- _Your objective_:
Set down the full data below exactly as given, please.

- _Provided material_:

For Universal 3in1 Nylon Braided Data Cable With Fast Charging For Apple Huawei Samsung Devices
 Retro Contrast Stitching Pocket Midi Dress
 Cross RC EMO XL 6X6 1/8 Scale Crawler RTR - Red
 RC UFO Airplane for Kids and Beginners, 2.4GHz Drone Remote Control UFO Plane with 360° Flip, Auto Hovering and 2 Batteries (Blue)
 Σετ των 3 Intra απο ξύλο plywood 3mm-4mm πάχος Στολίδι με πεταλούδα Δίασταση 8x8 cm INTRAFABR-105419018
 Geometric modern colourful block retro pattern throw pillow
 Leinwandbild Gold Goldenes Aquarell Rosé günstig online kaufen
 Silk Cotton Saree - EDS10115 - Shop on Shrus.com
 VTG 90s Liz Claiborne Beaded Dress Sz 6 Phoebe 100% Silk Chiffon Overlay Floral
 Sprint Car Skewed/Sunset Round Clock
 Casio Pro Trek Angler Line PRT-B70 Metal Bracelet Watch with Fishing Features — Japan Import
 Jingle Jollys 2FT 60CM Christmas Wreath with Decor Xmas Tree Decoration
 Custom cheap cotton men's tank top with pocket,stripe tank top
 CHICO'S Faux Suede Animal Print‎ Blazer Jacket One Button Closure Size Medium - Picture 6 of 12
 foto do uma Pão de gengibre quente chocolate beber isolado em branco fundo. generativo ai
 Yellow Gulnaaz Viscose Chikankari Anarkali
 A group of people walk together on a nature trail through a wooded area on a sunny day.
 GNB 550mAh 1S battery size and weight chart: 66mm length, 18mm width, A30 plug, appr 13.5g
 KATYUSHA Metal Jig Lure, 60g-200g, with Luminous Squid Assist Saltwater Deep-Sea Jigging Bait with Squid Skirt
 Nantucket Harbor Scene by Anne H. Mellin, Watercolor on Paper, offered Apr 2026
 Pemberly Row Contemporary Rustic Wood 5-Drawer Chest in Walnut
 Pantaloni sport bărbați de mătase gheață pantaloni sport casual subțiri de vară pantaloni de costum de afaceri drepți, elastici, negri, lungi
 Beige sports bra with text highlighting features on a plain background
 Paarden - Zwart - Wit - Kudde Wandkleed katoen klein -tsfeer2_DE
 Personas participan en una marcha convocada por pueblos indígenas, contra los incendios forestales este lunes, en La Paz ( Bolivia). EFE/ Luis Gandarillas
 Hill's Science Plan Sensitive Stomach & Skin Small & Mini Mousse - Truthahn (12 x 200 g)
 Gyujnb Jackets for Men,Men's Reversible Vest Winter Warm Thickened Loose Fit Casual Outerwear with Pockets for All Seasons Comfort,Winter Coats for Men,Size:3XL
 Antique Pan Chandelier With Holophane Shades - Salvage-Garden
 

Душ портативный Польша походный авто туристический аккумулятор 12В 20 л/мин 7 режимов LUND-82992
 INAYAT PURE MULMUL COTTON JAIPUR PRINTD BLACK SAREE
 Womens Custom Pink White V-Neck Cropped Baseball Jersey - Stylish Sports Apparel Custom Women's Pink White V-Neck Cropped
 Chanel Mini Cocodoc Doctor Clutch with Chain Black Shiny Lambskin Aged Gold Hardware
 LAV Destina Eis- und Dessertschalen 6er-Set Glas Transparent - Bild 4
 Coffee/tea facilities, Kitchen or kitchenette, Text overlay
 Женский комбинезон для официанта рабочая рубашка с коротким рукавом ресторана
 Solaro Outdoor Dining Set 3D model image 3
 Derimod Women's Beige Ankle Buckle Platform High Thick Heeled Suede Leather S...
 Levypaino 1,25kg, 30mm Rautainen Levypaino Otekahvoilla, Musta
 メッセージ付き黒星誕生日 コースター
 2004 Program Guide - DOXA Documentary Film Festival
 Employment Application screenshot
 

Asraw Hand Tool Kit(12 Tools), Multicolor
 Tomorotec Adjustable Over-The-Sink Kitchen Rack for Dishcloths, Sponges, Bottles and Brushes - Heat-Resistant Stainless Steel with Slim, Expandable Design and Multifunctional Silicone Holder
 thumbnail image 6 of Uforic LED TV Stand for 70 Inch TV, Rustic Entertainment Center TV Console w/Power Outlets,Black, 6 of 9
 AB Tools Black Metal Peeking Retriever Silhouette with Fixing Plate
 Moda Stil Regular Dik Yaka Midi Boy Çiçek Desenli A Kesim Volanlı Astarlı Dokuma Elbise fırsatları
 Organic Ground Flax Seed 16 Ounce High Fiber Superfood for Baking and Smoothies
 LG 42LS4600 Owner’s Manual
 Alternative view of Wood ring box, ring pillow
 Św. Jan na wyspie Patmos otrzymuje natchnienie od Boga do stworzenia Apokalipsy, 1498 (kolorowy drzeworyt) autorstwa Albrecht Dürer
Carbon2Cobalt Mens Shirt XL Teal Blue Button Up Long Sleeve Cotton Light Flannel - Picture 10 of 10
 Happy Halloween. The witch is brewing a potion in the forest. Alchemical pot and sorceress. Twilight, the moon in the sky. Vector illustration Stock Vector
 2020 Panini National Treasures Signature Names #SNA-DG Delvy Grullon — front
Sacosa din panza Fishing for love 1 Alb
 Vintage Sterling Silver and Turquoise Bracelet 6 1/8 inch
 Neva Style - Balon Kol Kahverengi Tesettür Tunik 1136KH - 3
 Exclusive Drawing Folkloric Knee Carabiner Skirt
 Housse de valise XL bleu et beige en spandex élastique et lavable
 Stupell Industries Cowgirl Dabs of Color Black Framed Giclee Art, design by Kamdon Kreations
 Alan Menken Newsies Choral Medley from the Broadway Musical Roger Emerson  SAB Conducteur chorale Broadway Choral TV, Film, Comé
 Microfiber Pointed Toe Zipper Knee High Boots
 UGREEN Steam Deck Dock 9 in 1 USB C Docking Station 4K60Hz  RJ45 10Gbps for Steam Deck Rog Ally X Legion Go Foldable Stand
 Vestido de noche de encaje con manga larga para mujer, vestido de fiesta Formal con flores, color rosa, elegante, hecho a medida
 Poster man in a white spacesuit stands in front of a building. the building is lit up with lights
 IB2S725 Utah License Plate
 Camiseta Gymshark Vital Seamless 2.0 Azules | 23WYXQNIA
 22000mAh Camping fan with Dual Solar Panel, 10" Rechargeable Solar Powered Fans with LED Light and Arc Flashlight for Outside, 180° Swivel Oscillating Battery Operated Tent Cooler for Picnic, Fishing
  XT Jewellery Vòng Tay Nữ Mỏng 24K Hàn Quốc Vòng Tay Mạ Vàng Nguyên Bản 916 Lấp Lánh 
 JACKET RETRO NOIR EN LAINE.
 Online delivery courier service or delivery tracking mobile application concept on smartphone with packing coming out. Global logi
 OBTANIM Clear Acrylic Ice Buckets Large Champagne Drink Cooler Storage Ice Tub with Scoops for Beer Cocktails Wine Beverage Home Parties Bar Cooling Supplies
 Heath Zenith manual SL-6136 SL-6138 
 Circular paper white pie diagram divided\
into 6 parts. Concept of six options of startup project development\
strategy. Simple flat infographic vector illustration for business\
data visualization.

- _Your solution_:
For Universal 3in1 Nylon Braided Data Cable With Fast Charging For Apple Huawei Samsung Devices
 Retro Contrast Stitching Pocket Midi Dress
 Cross RC EMO XL 6X6 1/8 Scale Crawler RTR - Red
 RC UFO Airplane for Kids and Beginners, 2.4GHz Drone Remote Control UFO Plane with 360° Flip, Auto Hovering and 2 Batteries (Blue)
 Σετ των 3 Intra απο ξύλο plywood 3mm-4mm πάχος Στολίδι με πεταλούδα Δίασταση 8x8 cm INTRAFABR-105419018
 Geometric modern colourful block retro pattern throw pillow
 Leinwandbild Gold Goldenes Aquarell Rosé günstig online kaufen
 Silk Cotton Saree - EDS10115 - Shop on Shrus.com
 VTG 90s Liz Claiborne Beaded Dress Sz 6 Phoebe 100% Silk Chiffon Overlay Floral
 Sprint Car Skewed/Sunset Round Clock
 Casio Pro Trek Angler Line PRT-B70 Metal Bracelet Watch with Fishing Features — Japan Import
 Jingle Jollys 2FT 60CM Christmas Wreath with Decor Xmas Tree Decoration
 Custom cheap cotton men's tank top with pocket,stripe tank top
 CHICO'S Faux Suede Animal Print‎ Blazer Jacket One Button Closure Size Medium - Picture 6 of 12
 foto do uma Pão de gengibre quente chocolate beber isolado em branco fundo. generativo ai
 Yellow Gulnaaz Viscose Chikankari Anarkali
 A group of people walk together on a nature trail through a wooded area on a sunny day.
 GNB 550mAh 1S battery size and weight chart: 66mm length, 18mm width, A30 plug, appr 13.5g
 KATYUSHA Metal Jig Lure, 60g-200g, with Luminous Squid Assist Saltwater Deep-Sea Jigging Bait with Squid Skirt
 Nantucket Harbor Scene by Anne H. Mellin, Watercolor on Paper, offered Apr 2026
 Pemberly Row Contemporary Rustic Wood 5-Drawer Chest in Walnut
 Pantaloni sport bărbați de mătase gheață pantaloni sport casual subțiri de vară pantaloni de costum de afaceri drepți, elastici, negri, lungi
 Beige sports bra with text highlighting features on a plain background
 Paarden - Zwart - Wit - Kudde Wandkleed katoen klein -tsfeer2_DE
 Personas participan en una marcha convocada por pueblos indígenas, contra los incendios forestales este lunes, en La Paz ( Bolivia). EFE/ Luis Gandarillas
 Hill's Science Plan Sensitive Stomach & Skin Small & Mini Mousse - Truthahn (12 x 200 g)
 Gyujnb Jackets for Men,Men's Reversible Vest Winter Warm Thickened Loose Fit Casual Outerwear with Pockets for All Seasons Comfort,Winter Coats for Men,Size:3XL
 Antique Pan Chandelier With Holophane Shades - Salvage-Garden
 

Душ портативный Польша походный авто туристический аккумулятор 12В 20 л/мин 7 режимов LUND-82992
 INAYAT PURE MULMUL COTTON JAIPUR PRINTD BLACK SAREE
 Womens Custom Pink White V-Neck Cropped Baseball Jersey - Stylish Sports Apparel Custom Women's Pink White V-Neck Cropped
 Chanel Mini Cocodoc Doctor Clutch with Chain Black Shiny Lambskin Aged Gold Hardware
 LAV Destina Eis- und Dessertschalen 6er-Set Glas Transparent - Bild 4
 Coffee/tea facilities, Kitchen or kitchenette, Text overlay
 Женский комбинезон для официанта рабочая рубашка с коротким рукавом ресторана
 Solaro Outdoor Dining Set 3D model image 3
 Derimod Women's Beige Ankle Buckle Platform High Thick Heeled Suede Leather S...
 Levypaino 1,25kg, 30mm Rautainen Levypaino Otekahvoilla, Musta
 メッセージ付き黒星誕生日 コースター
 2004 Program Guide - DOXA Documentary Film Festival
 Employment Application screenshot
 

Asraw Hand Tool Kit(12 Tools), Multicolor
 Tomorotec Adjustable Over-The-Sink Kitchen Rack for Dishcloths, Sponges, Bottles and Brushes - Heat-Resistant Stainless Steel with Slim, Expandable Design and Multifunctional Silicone Holder
 thumbnail image 6 of Uforic LED TV Stand for 70 Inch TV, Rustic Entertainment Center TV Console w/Power Outlets,Black, 6 of 9
 AB Tools Black Metal Peeking Retriever Silhouette with Fixing Plate
 Moda Stil Regular Dik Yaka Midi Boy Çiçek Desenli A Kesim Volanlı Astarlı Dokuma Elbise fırsatları
 Organic Ground Flax Seed 16 Ounce High Fiber Superfood for Baking and Smoothies
 LG 42LS4600 Owner’s Manual
 Alternative view of Wood ring box, ring pillow
 Św. Jan na wyspie Patmos otrzymuje natchnienie od Boga do stworzenia Apokalipsy, 1498 (kolorowy drzeworyt) autorstwa Albrecht Dürer
Carbon2Cobalt Mens Shirt XL Teal Blue Button Up Long Sleeve Cotton Light Flannel - Picture 10 of 10
 Happy Halloween. The witch is brewing a potion in the forest. Alchemical pot and sorceress. Twilight, the moon in the sky. Vector illustration Stock Vector
 2020 Panini National Treasures Signature Names #SNA-DG Delvy Grullon — front
Sacosa din panza Fishing for love 1 Alb
 Vintage Sterling Silver and Turquoise Bracelet 6 1/8 inch
 Neva Style - Balon Kol Kahverengi Tesettür Tunik 1136KH - 3
 Exclusive Drawing Folkloric Knee Carabiner Skirt
 Housse de valise XL bleu et beige en spandex élastique et lavable
 Stupell Industries Cowgirl Dabs of Color Black Framed Giclee Art, design by Kamdon Kreations
 Alan Menken Newsies Choral Medley from the Broadway Musical Roger Emerson  SAB Conducteur chorale Broadway Choral TV, Film, Comé
 Microfiber Pointed Toe Zipper Knee High Boots
 UGREEN Steam Deck Dock 9 in 1 USB C Docking Station 4K60Hz  RJ45 10Gbps for Steam Deck Rog Ally X Legion Go Foldable Stand
 Vestido de noche de encaje con manga larga para mujer, vestido de fiesta Formal con flores, color rosa, elegante, hecho a medida
 Poster man in a white spacesuit stands in front of a building. the building is lit up with lights
 IB2S725 Utah License Plate
 Camiseta Gymshark Vital Seamless 2.0 Azules | 23WYXQNIA
 22000mAh Camping fan with Dual Solar Panel, 10" Rechargeable Solar Powered Fans with LED Light and Arc Flashlight for Outside, 180° Swivel Oscillating Battery Operated Tent Cooler for Picnic, Fishing
  XT Jewellery Vòng Tay Nữ Mỏng 24K Hàn Quốc Vòng Tay Mạ Vàng Nguyên Bản 916 Lấp Lánh 
 JACKET RETRO NOIR EN LAINE.
 Online delivery courier service or delivery tracking mobile application concept on smartphone with packing coming out. Global logi
 OBTANIM Clear Acrylic Ice Buckets Large Champagne Drink Cooler Storage Ice Tub with Scoops for Beer Cocktails Wine Beverage Home Parties Bar Cooling Supplies
 Heath Zenith manual SL-6136 SL-6138 
 Circular paper white pie diagram divided\
into 6 parts. Concept of six options of startup project development\
strategy. Simple flat infographic vector illustration for business\
data visualization.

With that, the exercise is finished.